__WHAT YOU NEED TO DO__. Task for the records below: copy exactly, and only, the line containing "Product Image 5" and every line after it to the end, with pictures left out.

__SUPPLIED INFORMATION__.
■ ■ ■
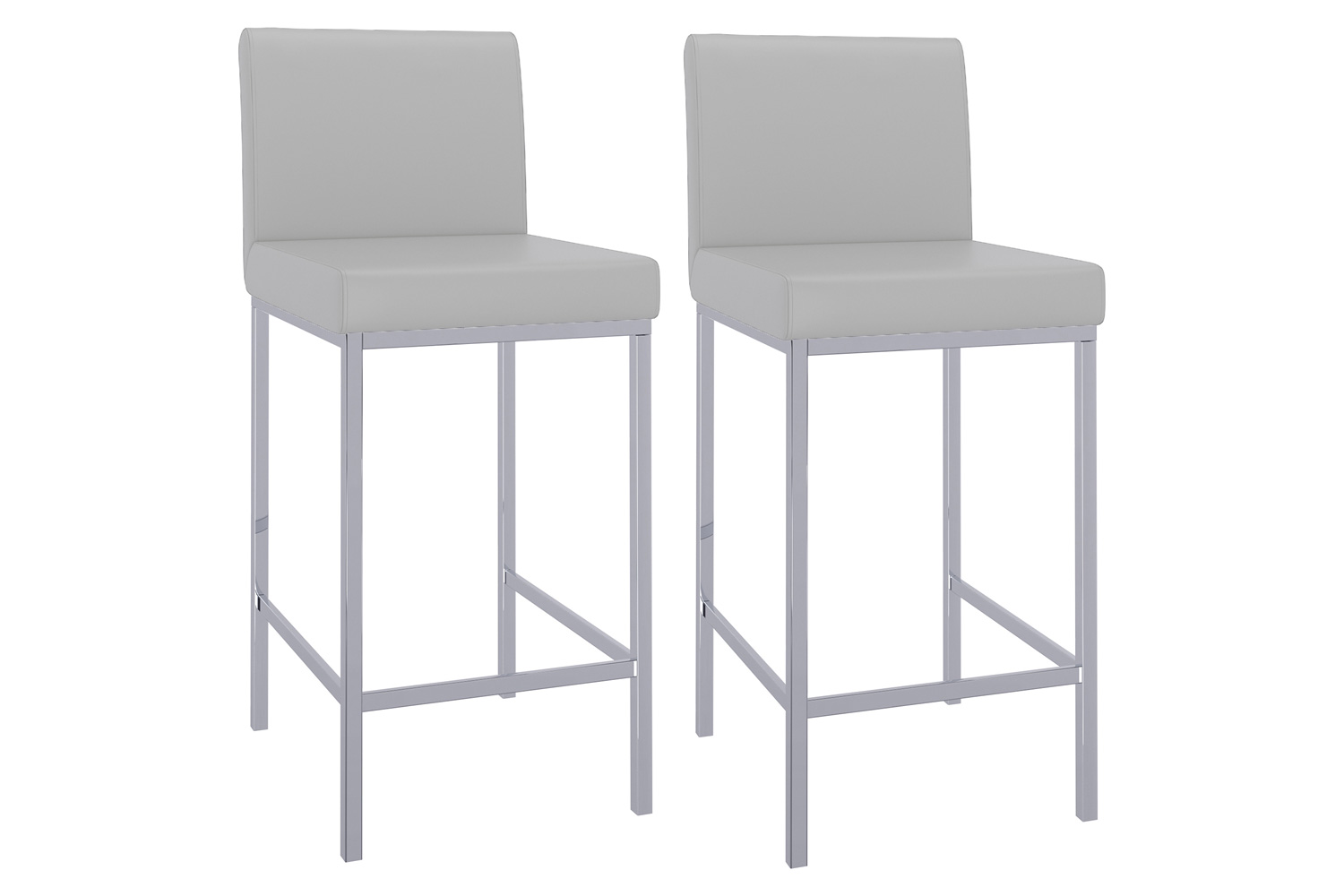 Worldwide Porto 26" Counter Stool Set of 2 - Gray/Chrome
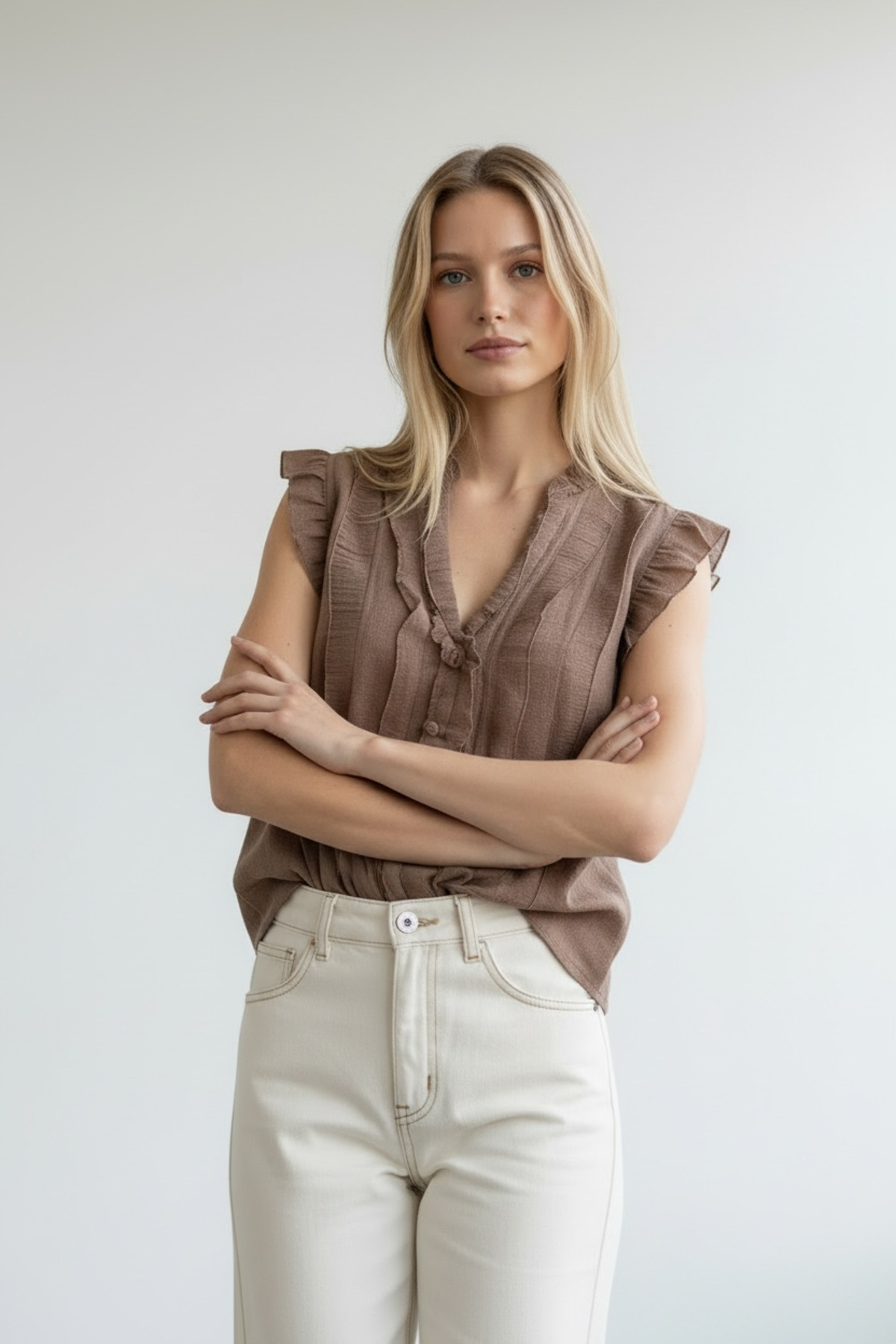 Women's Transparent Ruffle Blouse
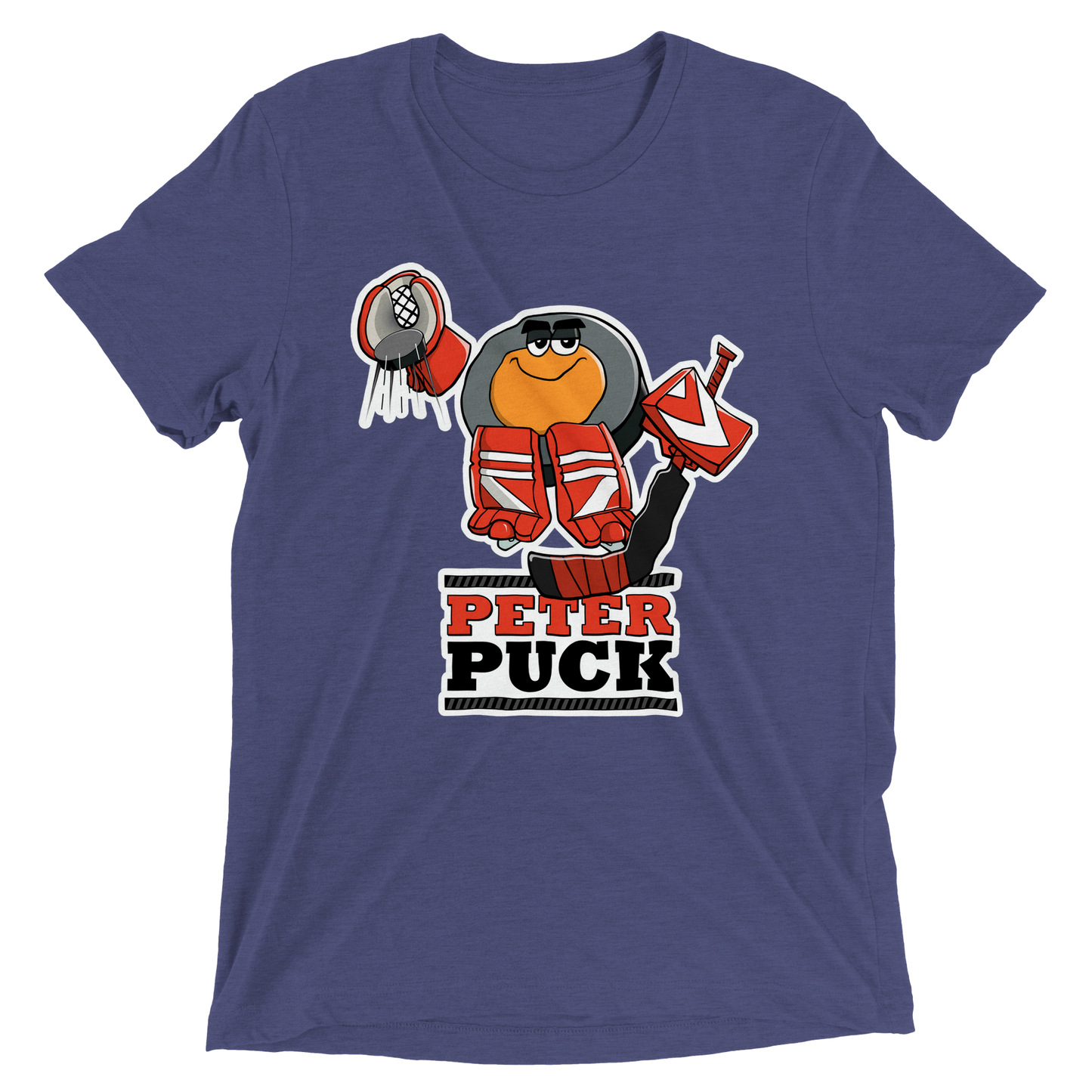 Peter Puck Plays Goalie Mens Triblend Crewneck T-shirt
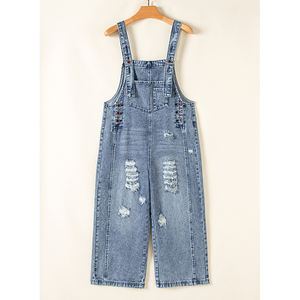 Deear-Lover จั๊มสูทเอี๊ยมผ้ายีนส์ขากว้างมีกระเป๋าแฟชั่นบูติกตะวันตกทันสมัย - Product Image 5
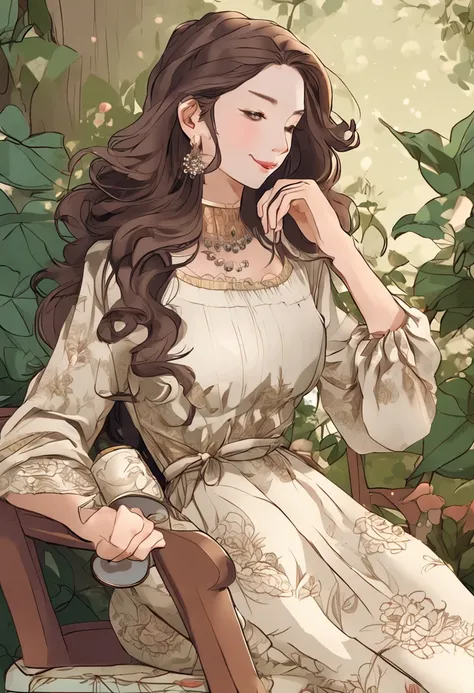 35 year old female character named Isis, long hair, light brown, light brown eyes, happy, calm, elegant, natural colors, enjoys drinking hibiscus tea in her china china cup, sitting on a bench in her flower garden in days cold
■ ■ ■
__ANSWER BOX__.
 Deear-Lover จั๊มสูทเอี๊ยมผ้ายีนส์ขากว้างมีกระเป๋าแฟชั่นบูติกตะวันตกทันสมัย - Product Image 5
 35 year old female character named Isis, long hair, light brown, light brown eyes, happy, calm, elegant, natural colors, enjoys drinking hibiscus tea in her china china cup, sitting on a bench in her flower garden in days cold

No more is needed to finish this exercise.